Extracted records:
########

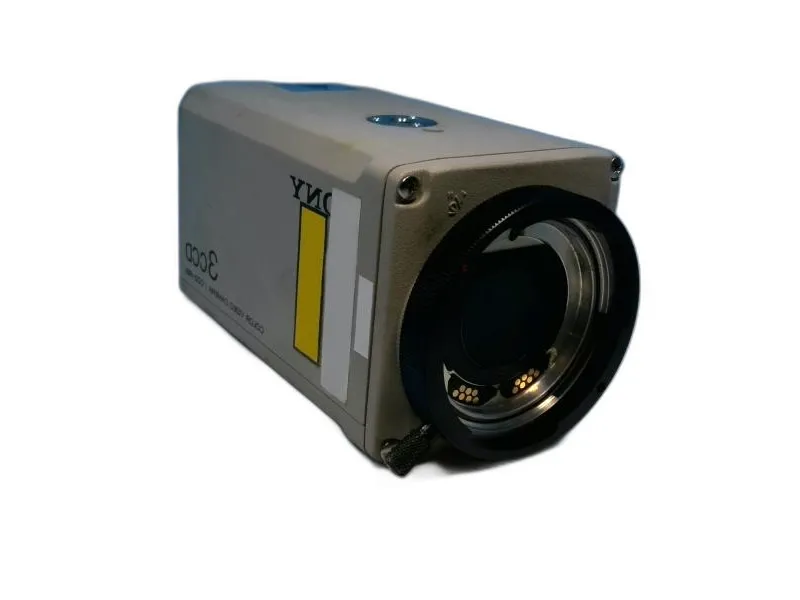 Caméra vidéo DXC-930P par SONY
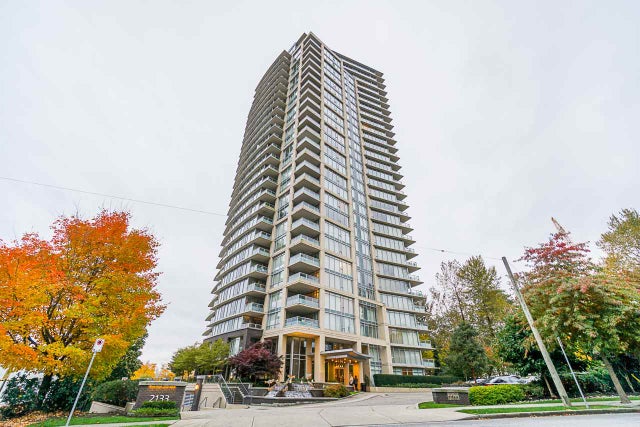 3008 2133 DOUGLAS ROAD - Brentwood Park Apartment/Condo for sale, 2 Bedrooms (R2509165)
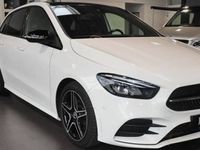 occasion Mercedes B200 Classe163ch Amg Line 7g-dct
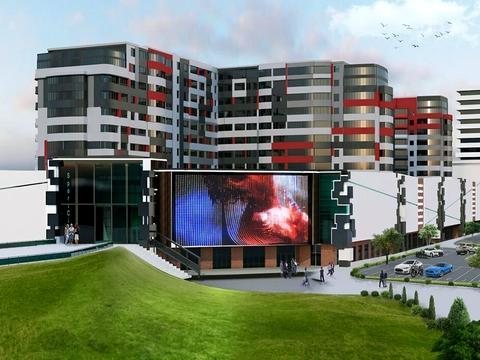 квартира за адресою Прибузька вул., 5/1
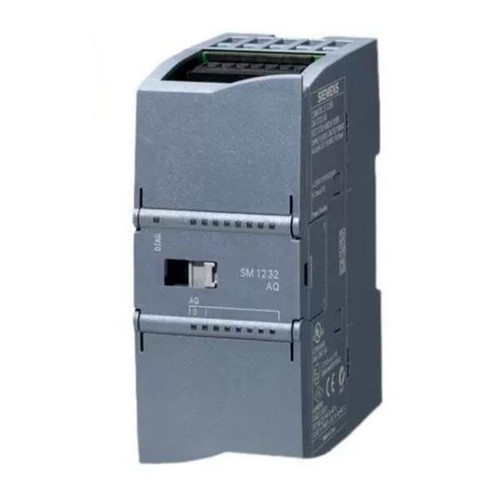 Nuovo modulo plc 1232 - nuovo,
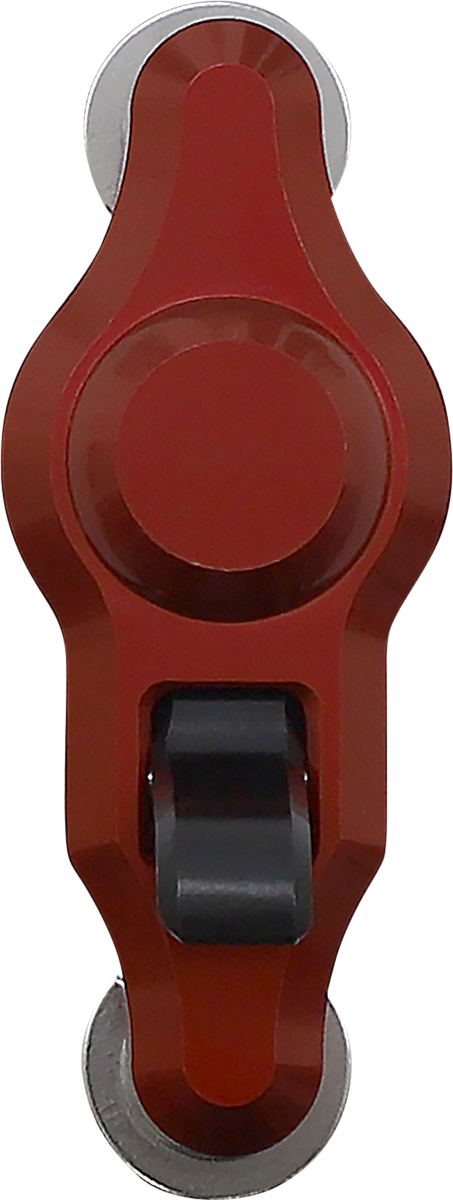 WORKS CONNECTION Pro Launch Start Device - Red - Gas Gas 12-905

########

* What you have to do
Restate every line of the data above word for word, with the images removed.

* Answer space
 Caméra vidéo DXC-930P par SONY
 3008 2133 DOUGLAS ROAD - Brentwood Park Apartment/Condo for sale, 2 Bedrooms (R2509165)
 occasion Mercedes B200 Classe163ch Amg Line 7g-dct
 квартира за адресою Прибузька вул., 5/1
 Nuovo modulo plc 1232 - nuovo,
 WORKS CONNECTION Pro Launch Start Device - Red - Gas Gas 12-905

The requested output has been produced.